Verschweige man dauerhaft oder wiederholt wichtige Dinge, könne dies emotionale Distanz schaffen. Auch wenn es bei manchen schwierigen Themen nicht leicht fällt, mit der Partnerin oder dem Partner zu sprechen, lohnt es sich also, sich zu überwinden. "Komplette liebevolle Ehrlichkeit kann Nähe und Vertrauen fördern - wenn sie mit Respekt und Einfühlungsvermögen geschieht", sagt Marquardt. Die Kunst liege auch hier im Gleichgewicht: Die Expertin rät dazu, authentisch zu sein, ohne den anderen zu überfordern.

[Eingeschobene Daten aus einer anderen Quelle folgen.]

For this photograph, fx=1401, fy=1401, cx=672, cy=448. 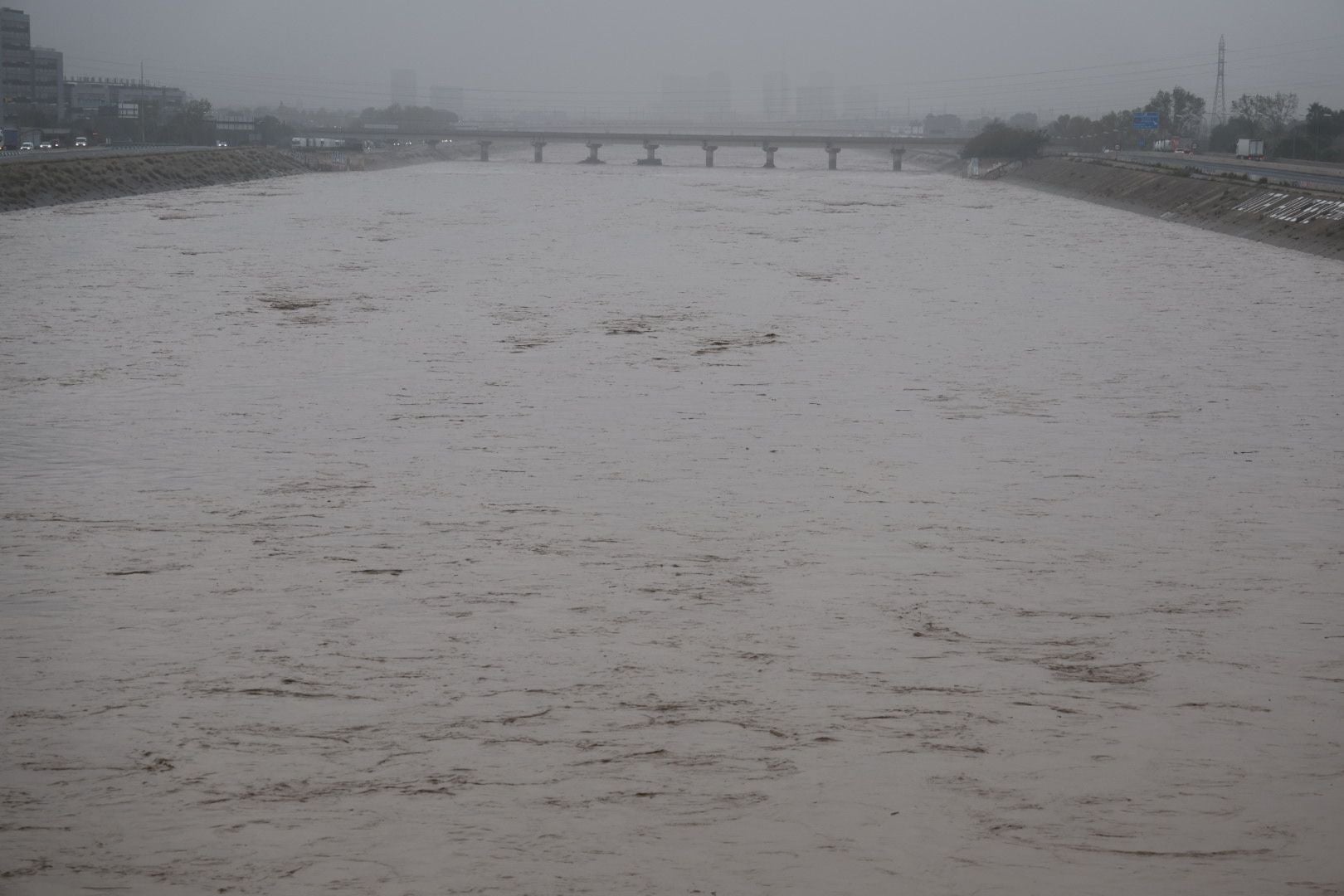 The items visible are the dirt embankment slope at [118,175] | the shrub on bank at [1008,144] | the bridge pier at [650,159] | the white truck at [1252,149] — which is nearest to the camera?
the dirt embankment slope at [118,175]

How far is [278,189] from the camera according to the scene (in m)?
64.2

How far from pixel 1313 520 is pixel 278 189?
5917 centimetres

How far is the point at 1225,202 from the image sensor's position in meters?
48.0

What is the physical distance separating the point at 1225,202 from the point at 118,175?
42000 millimetres

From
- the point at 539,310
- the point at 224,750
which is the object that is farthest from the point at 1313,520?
the point at 539,310

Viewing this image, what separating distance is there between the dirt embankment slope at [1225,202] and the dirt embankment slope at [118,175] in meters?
38.6

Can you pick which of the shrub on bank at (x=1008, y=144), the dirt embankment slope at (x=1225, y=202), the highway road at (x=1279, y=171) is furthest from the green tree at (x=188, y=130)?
the highway road at (x=1279, y=171)

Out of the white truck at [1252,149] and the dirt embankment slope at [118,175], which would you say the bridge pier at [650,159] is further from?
the white truck at [1252,149]

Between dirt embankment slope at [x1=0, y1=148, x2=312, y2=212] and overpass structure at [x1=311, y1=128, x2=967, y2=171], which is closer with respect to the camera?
dirt embankment slope at [x1=0, y1=148, x2=312, y2=212]

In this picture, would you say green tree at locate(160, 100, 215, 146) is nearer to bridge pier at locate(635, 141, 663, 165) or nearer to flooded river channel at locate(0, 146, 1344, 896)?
bridge pier at locate(635, 141, 663, 165)

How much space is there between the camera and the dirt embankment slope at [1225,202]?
38.4 m

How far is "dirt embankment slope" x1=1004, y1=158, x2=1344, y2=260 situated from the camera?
3844cm

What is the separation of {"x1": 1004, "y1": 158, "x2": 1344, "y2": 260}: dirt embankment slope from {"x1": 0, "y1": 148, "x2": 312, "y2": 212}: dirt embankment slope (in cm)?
3857

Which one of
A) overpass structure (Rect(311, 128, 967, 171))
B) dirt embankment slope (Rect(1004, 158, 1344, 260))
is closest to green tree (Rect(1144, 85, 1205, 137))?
overpass structure (Rect(311, 128, 967, 171)) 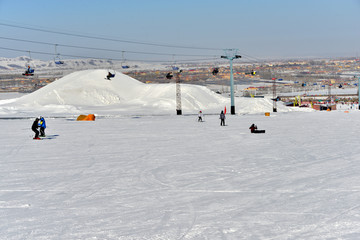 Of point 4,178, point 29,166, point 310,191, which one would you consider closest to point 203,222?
point 310,191

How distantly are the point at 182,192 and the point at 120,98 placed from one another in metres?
85.6

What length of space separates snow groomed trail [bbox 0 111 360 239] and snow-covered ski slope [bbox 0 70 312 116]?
5599cm

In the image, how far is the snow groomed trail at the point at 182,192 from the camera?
363 inches

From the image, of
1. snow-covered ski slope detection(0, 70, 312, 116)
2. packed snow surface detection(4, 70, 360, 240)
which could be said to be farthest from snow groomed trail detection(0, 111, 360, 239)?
snow-covered ski slope detection(0, 70, 312, 116)

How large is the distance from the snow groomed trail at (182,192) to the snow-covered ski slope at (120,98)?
56.0 m

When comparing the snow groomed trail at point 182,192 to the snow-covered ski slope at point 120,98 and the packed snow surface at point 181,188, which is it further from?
the snow-covered ski slope at point 120,98

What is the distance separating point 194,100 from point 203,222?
268 feet

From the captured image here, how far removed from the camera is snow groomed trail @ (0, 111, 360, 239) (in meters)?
9.23

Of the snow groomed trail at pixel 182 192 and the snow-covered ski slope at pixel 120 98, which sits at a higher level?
the snow-covered ski slope at pixel 120 98

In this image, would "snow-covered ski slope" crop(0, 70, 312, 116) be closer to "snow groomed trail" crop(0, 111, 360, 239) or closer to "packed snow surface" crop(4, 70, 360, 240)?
"packed snow surface" crop(4, 70, 360, 240)

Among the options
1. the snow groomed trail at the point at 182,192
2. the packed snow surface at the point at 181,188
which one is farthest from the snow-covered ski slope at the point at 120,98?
the snow groomed trail at the point at 182,192

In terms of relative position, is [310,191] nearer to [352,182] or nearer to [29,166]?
[352,182]

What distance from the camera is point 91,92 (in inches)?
3802

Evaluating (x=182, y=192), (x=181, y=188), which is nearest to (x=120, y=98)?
(x=181, y=188) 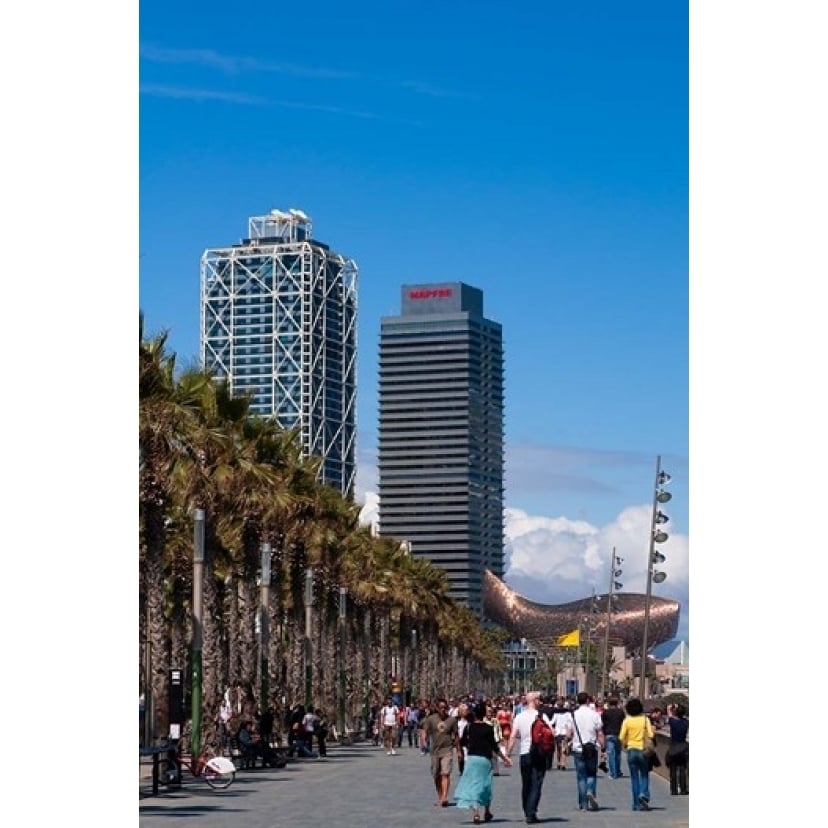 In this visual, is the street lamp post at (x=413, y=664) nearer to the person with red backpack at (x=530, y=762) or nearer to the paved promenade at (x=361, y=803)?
the paved promenade at (x=361, y=803)

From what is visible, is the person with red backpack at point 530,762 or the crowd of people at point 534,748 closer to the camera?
the crowd of people at point 534,748

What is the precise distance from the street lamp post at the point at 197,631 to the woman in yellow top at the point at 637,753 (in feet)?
41.1

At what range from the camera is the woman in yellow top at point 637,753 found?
31094mm

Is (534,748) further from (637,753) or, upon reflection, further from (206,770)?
(206,770)

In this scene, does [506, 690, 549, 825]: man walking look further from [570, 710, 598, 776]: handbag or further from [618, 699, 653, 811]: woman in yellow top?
[618, 699, 653, 811]: woman in yellow top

Dies könne hingegen bei schonungsloser Ehrlichkeit passieren. Die teilweise verbreitete Einstellung "Ich bin halt ehrlich, damit musst du leben", sei eher ein Deckmantel für Unachtsamkeit und Rücksichtslosigkeit. So solle man Ehrlichkeit aber nicht verstehen, sonst benutze man diese nur als Machtinstrument oder als Mittel, um Druck abzubauen. Schonungslos sollte nicht verletzend sein. Darum rät Marquardt: "Wahrhaftigkeit und Ehrlichkeit sind großartig und führen dazu, dass Partner lernen, sich gegenseitig zu vertrauen, sich aufeinander verlassen zu können." Dennoch sollte Ehrlichkeit Hand in Hand gehen mit Empathie. "Es ist die Kunst, die eigene Wahrheit zu vertreten und in Resonanz mit dem anderen zu bleiben. Das bedeutet: Ich teile, was gerade in mir ist - und ich achte darauf, wie es beim anderen ankommt."